6) Join the Lumumba-Zapata Coalition! Send us an e-mail message with "LZC Interested" in the subject line. In your message please include your contact information, your campus/department/student organization affiliation and let us know you'd like to get involved in our campaign.

7) Attend the LZC’s meetings: Mondays, 2pm at the Fireside Lounge

Thank you for your support of this campaign. We appreciate your commitment to protecting academic freedom, promoting equitable universities and working towards social justice in higher education. The LZC needs your support in order to ensure UCSD is a campus where such ideals can be realized—or at the very least—discussed without the threat of disciplinary action.

The Facts About the LZC

A message from the Lumumba-Zapata Coalition/lumumbazapata@gmail.com

Many influential members of the UCSD community have been willfully
misrepresenting the facts about the LZC critique of recent changes to
the DOC program, as well as the teaching practices of Benjamin
Balthaser and Scott Boehm, the two long-time TAs that Dr. Shragge
wrongfully dismissed from their teaching positions in the program for
the upcoming 2007-08 academic year. The LZC, which consists of
undergraduate students, graduate students and faculty, has refrained
from engaging in such dishonest and unprofessional tactics, and would
like to set the record straight.

1. THEY SAY…

Balthaser and Boehm were dismissed from their long-standing positions
as DOC TAs because of their teaching performance. (Abe Shragge, UCSD
Guardian, April 30, 2007)

WE SAY…

Balthaser and Boehm were ousted for their criticism of recent changes to DOC.

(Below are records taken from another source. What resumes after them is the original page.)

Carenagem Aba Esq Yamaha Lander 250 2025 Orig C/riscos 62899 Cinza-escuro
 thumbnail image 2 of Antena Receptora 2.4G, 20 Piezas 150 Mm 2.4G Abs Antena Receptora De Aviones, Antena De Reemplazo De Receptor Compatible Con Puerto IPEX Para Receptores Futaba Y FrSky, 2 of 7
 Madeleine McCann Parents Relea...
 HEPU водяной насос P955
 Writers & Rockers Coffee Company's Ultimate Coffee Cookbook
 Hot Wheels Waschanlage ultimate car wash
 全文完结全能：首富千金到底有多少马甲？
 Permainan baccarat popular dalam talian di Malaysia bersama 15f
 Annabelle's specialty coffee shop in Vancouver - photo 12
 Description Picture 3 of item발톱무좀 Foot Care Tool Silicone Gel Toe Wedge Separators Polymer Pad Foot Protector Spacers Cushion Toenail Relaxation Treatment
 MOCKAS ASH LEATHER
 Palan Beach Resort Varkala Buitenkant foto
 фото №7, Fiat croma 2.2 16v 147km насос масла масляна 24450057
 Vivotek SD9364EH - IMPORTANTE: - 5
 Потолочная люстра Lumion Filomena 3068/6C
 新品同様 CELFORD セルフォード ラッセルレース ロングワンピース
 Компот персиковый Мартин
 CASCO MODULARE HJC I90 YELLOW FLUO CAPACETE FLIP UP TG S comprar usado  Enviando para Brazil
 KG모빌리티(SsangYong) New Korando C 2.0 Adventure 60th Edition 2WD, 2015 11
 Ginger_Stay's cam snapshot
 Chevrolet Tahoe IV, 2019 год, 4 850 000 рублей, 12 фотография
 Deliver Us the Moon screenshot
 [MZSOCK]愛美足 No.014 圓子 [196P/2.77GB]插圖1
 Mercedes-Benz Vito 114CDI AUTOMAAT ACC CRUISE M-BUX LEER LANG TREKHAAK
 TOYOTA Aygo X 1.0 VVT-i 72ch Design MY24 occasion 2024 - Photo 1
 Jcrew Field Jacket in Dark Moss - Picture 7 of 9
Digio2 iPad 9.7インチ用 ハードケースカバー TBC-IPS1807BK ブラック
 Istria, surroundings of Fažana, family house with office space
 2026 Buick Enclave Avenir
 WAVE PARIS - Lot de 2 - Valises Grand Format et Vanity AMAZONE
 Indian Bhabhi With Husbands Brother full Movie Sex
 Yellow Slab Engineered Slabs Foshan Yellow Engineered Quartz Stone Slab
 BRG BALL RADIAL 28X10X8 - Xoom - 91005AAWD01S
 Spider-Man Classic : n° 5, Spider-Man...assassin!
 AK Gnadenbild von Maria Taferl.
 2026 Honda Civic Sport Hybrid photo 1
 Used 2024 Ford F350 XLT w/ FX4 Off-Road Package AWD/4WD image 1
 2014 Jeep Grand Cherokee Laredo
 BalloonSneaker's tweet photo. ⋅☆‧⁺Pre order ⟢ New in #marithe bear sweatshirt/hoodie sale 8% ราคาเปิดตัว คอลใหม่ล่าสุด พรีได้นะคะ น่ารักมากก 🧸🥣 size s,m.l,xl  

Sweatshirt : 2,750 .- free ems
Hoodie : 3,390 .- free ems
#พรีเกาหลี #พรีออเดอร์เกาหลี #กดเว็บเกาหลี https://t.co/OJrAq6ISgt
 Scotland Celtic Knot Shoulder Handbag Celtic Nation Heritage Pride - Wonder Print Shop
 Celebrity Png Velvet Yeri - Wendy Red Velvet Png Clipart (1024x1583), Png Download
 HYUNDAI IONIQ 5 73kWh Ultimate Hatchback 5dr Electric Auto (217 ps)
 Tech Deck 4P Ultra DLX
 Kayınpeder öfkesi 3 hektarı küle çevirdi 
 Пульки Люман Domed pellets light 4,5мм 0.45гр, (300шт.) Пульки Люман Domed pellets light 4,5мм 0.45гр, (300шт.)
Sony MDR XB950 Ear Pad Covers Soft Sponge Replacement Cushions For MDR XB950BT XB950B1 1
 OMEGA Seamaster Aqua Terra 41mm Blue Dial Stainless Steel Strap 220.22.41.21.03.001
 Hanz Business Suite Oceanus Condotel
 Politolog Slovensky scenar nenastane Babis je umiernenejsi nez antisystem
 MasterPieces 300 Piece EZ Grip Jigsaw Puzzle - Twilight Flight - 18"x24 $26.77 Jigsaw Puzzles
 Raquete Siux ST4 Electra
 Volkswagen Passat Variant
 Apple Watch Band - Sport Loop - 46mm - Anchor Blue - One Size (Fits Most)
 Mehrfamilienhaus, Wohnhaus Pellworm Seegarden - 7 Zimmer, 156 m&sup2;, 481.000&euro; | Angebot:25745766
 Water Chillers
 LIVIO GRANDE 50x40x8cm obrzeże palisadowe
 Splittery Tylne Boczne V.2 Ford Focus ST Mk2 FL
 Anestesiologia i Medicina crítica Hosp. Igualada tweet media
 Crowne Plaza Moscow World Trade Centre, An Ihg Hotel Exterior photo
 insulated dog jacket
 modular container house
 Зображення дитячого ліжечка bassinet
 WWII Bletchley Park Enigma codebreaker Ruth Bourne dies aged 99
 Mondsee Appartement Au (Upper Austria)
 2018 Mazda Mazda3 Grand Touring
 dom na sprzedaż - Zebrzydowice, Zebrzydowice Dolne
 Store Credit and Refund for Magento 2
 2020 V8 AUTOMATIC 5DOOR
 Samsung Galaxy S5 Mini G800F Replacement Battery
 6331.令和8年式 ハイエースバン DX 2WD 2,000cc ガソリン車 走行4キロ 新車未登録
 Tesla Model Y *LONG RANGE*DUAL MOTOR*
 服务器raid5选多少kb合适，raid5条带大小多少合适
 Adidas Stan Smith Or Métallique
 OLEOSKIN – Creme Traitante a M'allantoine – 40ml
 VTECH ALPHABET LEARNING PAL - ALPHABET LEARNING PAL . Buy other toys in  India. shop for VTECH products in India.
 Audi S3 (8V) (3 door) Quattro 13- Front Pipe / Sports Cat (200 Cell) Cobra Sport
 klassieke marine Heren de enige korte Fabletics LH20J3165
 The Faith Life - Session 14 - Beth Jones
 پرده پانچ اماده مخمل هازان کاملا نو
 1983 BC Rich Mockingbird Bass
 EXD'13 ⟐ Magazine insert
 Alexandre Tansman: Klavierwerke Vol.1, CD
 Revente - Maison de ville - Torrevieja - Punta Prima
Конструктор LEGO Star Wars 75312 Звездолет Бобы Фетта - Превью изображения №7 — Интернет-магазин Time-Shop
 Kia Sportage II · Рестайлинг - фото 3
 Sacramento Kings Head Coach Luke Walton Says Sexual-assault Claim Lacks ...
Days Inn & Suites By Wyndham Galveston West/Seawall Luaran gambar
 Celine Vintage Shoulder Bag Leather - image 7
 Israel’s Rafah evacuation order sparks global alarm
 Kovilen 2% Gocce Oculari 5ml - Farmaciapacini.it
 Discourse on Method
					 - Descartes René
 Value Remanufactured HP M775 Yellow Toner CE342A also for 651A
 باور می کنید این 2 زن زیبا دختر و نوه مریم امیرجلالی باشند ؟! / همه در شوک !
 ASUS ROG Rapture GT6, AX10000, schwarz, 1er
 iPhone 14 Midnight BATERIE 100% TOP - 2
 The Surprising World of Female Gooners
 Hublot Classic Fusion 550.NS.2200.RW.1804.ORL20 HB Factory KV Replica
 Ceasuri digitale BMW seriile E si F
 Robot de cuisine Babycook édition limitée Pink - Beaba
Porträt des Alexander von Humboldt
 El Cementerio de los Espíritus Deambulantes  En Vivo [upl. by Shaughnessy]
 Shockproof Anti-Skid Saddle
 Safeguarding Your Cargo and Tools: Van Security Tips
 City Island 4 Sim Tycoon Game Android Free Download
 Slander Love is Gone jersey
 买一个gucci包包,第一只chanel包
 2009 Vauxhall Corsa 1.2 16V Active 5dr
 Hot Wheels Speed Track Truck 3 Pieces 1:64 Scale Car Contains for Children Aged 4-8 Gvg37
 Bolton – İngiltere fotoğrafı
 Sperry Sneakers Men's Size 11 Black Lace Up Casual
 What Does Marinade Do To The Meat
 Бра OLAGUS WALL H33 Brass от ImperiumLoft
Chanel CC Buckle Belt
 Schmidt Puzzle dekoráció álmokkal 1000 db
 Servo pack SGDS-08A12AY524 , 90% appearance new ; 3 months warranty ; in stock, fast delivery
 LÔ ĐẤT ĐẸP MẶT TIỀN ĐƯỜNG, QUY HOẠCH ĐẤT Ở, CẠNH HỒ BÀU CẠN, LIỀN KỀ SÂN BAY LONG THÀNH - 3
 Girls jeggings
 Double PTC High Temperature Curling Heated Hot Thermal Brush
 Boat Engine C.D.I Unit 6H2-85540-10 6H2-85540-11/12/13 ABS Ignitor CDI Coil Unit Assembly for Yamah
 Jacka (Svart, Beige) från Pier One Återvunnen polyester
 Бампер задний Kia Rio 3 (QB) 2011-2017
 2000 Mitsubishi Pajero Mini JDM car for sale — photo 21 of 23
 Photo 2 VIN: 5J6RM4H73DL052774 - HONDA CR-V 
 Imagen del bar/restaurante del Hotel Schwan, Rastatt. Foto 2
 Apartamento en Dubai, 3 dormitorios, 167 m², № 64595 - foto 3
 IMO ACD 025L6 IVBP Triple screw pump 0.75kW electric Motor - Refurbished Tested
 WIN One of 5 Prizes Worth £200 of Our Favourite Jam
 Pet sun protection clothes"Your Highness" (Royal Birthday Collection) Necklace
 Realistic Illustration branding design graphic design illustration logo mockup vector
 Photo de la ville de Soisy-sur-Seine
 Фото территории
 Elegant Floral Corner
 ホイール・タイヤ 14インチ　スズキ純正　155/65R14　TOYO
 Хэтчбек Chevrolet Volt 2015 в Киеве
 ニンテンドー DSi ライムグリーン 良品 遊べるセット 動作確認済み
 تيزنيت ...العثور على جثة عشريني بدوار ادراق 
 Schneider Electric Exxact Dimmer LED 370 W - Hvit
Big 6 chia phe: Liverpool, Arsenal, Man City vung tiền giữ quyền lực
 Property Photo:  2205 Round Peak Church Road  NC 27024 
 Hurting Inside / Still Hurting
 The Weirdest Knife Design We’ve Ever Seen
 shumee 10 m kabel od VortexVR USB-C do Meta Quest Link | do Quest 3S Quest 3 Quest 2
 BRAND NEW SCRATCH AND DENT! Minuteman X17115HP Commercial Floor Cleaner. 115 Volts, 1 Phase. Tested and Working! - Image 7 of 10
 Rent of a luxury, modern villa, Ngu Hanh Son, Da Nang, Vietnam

During the "interviews" Dr. Shragge arranged for DOC TAs wishing to
return to the program next year, Dr. Shragge made it absolutely clear
that his decision to not re-hire them had nothing to do with their
teaching performance, for which they had consistently received
outstanding student and program evaluations. (In fact, Boehm won one
of only two teaching awards for his performance during the 2005-06
academic year.) Rather, their dismissal was due to their criticism of
changes to the program outside of class. Thus, the LZC can only
interpret Dr. Shragge's reversal as an attempt to cover up his
violation of Balthaser and Boehm's First Amendment free speech rights
and academic freedom as graduate student TAs to critique changes to
the DOC program and mission. Further, previous teaching staff (at the
graduate and faculty level) testify to having been ousted in a similar
manner from the program for their criticism of the direction of DOC.


2. THEY SAY…

DOC is as robust as ever, and that the LZC critique of the changes to
the program are completely unfounded and without any merit whatsoever.
(Michael Schudson, UCSD Guardian, May 3, 2007)

WE SAY…

The quality of education at DOC has declined as it has drifted away
from its mission.

During its first decade, the majority of professors teaching in DOC
were ladder-ranked faculty whose expertise fell within the purview of
the DOC program. Next fall, one permanent lecturer and two current
TAs will teach DOC lectures. The LZC claims that a major factor in
this dramatic change in faculty composition is DOC's gradual drift
away from its original mission, and its history of ousting professors,
lecturers and TAs who challenge the program to return to its
principles.

3. THEY SAY…

DOC TAs critical of changes to the program have argued that DOC
"should be a program in political indoctrination." (Abe Shragge,
Inside Higher Ed, May 3, 2007)

WE SAY…

No DOC TA or the LZC have ever stated that DOC should promote
political indoctrination.

We are simply defending the mission of the DOC program by pointing out
how DOC has strayed from its commitments to teaching social justice
and providing students with a rigorous and challenging multicultural
education. We are fundamentally opposed to the idea that DOC should
be a vehicle of political indoctrination.

4. THEY SAY…

As DOC TAs, Balthaser and Boehm required their students to follow
alternative syllabi, instead of the DOC syllabus. (Nancy Gilson, Mass
E-mail, May 3, 2007—sent at the request of TMC Provost Allan Havis)

WE SAY…

Neither Balthaser nor Boehm ever required students to follow an
alternative syllabus.

Like the majority of DOC TAs who are encouraged to do so by DOC
administration, both Balthaser and Boehm used supplementary texts in
their sections, and Boehm structured highly successful student
presentations around material from outside the course reader closely
related to the course—a teaching practice for which he was repeatedly
praised by DOC administrators and students over the past three years.

5. THEY SAY…

The LZC has personally attacked Nancy Gilson, Mary Blair-Loy and/or
Abe Shragge, and that our attacks are unfounded. (Michael Schudson,
UCSD Guardian, May 3, 2007 and Michael Bernstein, Mass E-Mail, May 21,
2007—sent to all TMC students by TMC Provost Allan Havis)

WE SAY…

The LZC has never personally attacked anybody.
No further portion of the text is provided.